The disadvantage of this heating system is that it obstructs the light coming through a window. One interesting option is to place the heater against your window before going to work in the morning. It will heat up all day, and in the evening when you come back you can remove it to make the most of the natural light while also enjoying your heated room. If you have big enough windows, you can also choose to block part of them.

Still sceptical?

Some might say that this heating is useless, as the solar energy entering the room would come in anyway, with or without this heating. But this system's efficiency is due to the fact that the heated plastic is black (so absorbs heat very well), and that this plastic is very thin. Almost all the thermal energy absorbed is therefore transmitted to the air, which would not have been the case if the sunlight had shone on the wooden furniture at the back of your room.

Video overview


- a wooden panel and wooden planks

- a 12V fan

- a 220V thermostat (with a 220V switch)

- a thin, opaque layer of black plastic (0.08mm), like the type used in gardening to cover strawberries

- a clear plastic sheet

- a basic car filter (a Toyota one for example)

-staples, screws, nails

- 220V - 12V transformer


- hammer, screwdriver

- saw

- basic electrical equipment

Step 1 - Step 1 - Bottom of the box

- Measure the dimensions of the window or wherever the heater will be placed

- cut out a rectangular wooden panel in the correct size, this will be the bottom of the box (roughly 120x50cm)

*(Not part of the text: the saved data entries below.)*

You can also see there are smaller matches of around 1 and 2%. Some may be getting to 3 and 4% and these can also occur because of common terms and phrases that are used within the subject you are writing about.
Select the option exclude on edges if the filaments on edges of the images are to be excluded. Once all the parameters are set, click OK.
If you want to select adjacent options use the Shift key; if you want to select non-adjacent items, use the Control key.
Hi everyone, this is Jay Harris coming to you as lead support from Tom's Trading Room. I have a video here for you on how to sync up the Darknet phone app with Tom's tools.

- at the top of the panel, in the centre, drill a circular hole the size of the fan (or just a little wider, you can use foam to fix the fan in place)

- at the bottom, drill a few holes that the car filters can be placed in front of (see photo with filters to get an idea)

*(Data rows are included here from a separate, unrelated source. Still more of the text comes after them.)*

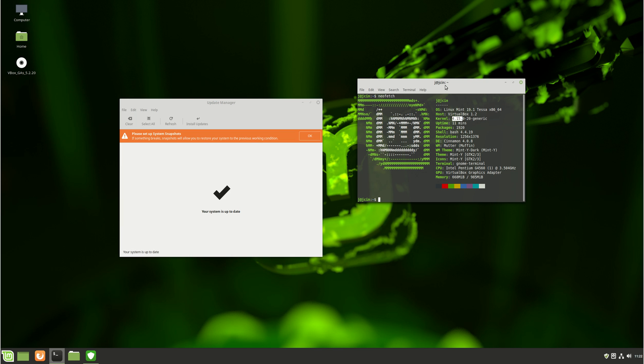But yeah, that's pretty much it, guys, for now. Just a super quick video to give you an idea of what's going on with the Linux kernel on Linux Mint 19.1. So cheers, guys. Hope you've enjoyed. Thanks for watching. Hope you subscribe, and give us a like.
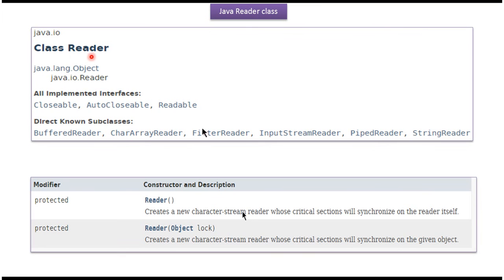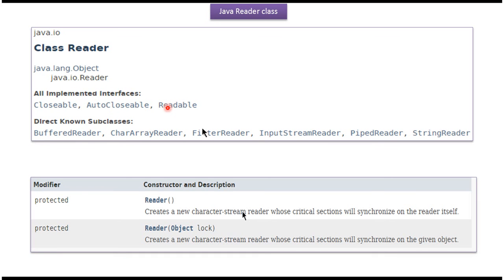Reader class belongs to the java.io package. Its superclass is Object, and it implements Closeable, AutoCloseable, and Readable interfaces. Here you can see the subclasses of Reader class, like BufferedReader and CharacterArrayReader.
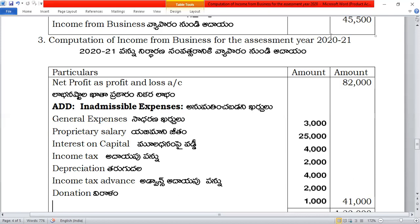In the third problem, income from business. From the following profit and loss account of Nicholas Ltd., calculate income from business.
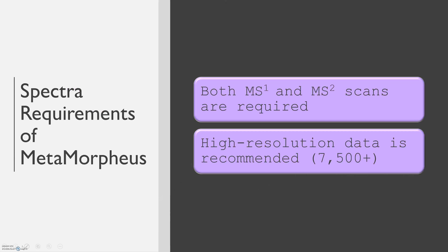The spectra requirements for MetaMorpheus analysis include that both MS1 and MS2 scans must be present. The data must also be high resolution in order to provide the most accurate results possible. This means 7500 or above.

Step 2 - Step 2 - Structure of the box

- cut the boards for the edges so that the box is 9cm deep. Use screws or nails to fix them to the edges of the wood panel

- nail two small wooden bars 10cm from the top and bottom of the box and half way down (about 5cm from the bottom)

Step 3 - Step 3 - Fan

- install the fan: screw it inside the box at the level of the previously drilled hole so that the air comes out of the box. Remember to pull the fan wires out through the same hole.

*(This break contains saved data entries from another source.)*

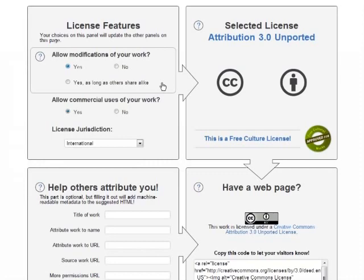First it asks, allow modifications of your work? This means, do you want to allow derivative works, or do you want to restrict people to using your work as is? If you click no, you get the no derivatives facet of the license, which means that people have to use your work as is.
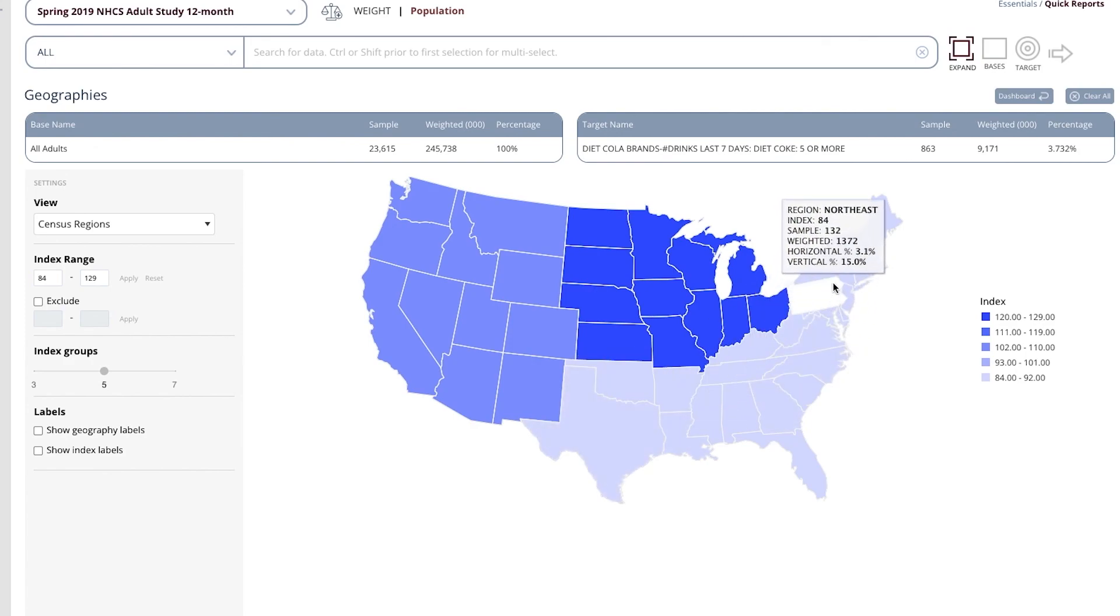And finally, people in the Northeast, 84, so they're 16% less likely to be heavy Diet Coke drinkers. That is the end of this particular video.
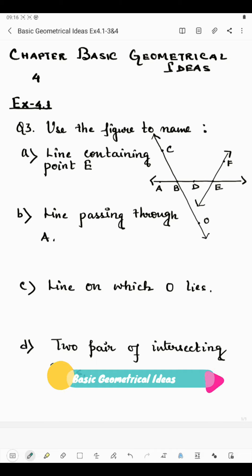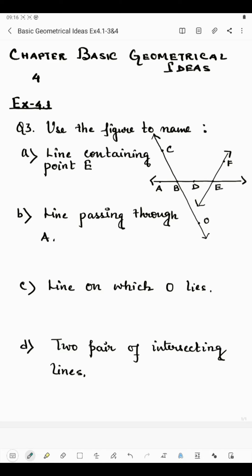Hello students, now I'm going to start question number 3 of exercise 4.1. Question number 3 says: use the figure to name lines containing point E. This line contains point E, so we can write it as AE. It can also be BE, since the line is present in BE. Line containing point E means we take lines on which point E is present, so it can be BE or DE.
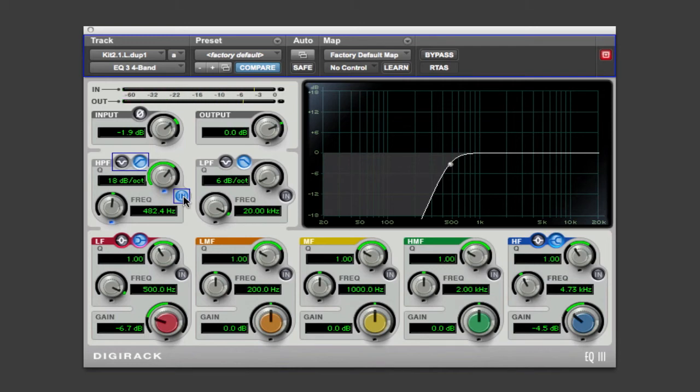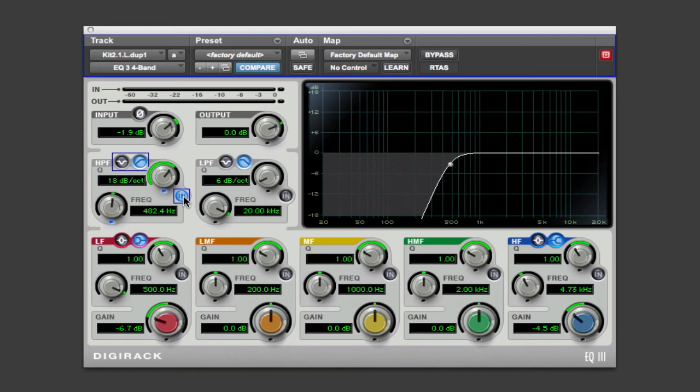You can see the downward attenuation curve becoming less gradual. Now there's no right way to set this. Just use your ears to make sure it sounds smooth. Now most analog console EQs don't allow you to change the slope, so you work with what you have.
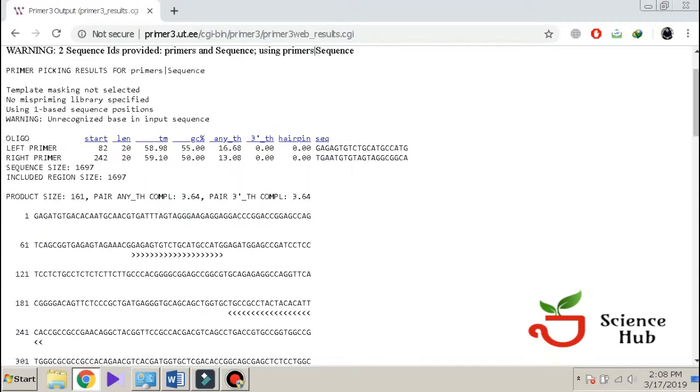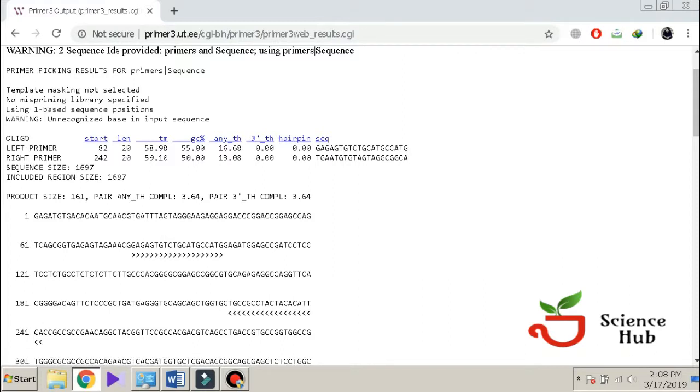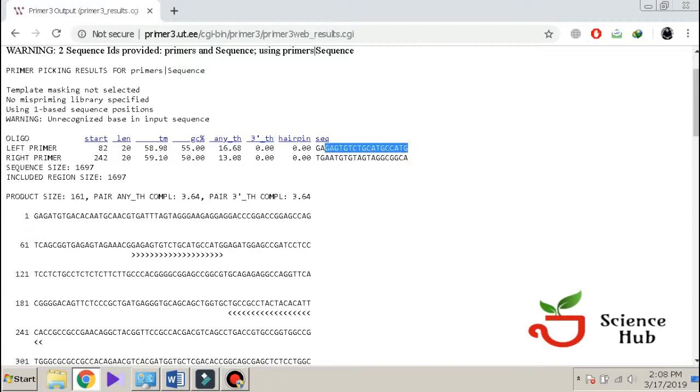It has given us the sequence. The left primer starts at 82 nucleotides and its length is 20 nucleotides. Its melting temperature is 58 and its GC content is 55%. Here is the sequence of that primer. This is a forward primer.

"In this picture, the bottom of the box was painted black. It was a test, but it turns out it's not necessary. "

Step 4 - Step 4 - Black plastic

- cut a black plastic strip to fit the inner width of the box and a little longer than the distance between the two wooden bars (~ 15cm longer)

- lay the plastic on the wooden bars and fold the plastic up and down around the bars. Use staples to attach the plastic by stretching it out firmly

Step 5 - Step 5 - Clear plastic

- close the box with the clear sheet (small nails can easily attach it to the edges)

Step 6 - Step 6 - Filter and valve

- position the filters in front of the holes at the bottom of the box. They can be wedged in place with a simple wooden structure, or nailed into place

- install a small angled cardboard valve at the fan to close the box when the fan is not in use

Step 7 - Step 7 - Thermostat and transformer

- fix the thermostat to the outside of the box, beside the hole for the fan.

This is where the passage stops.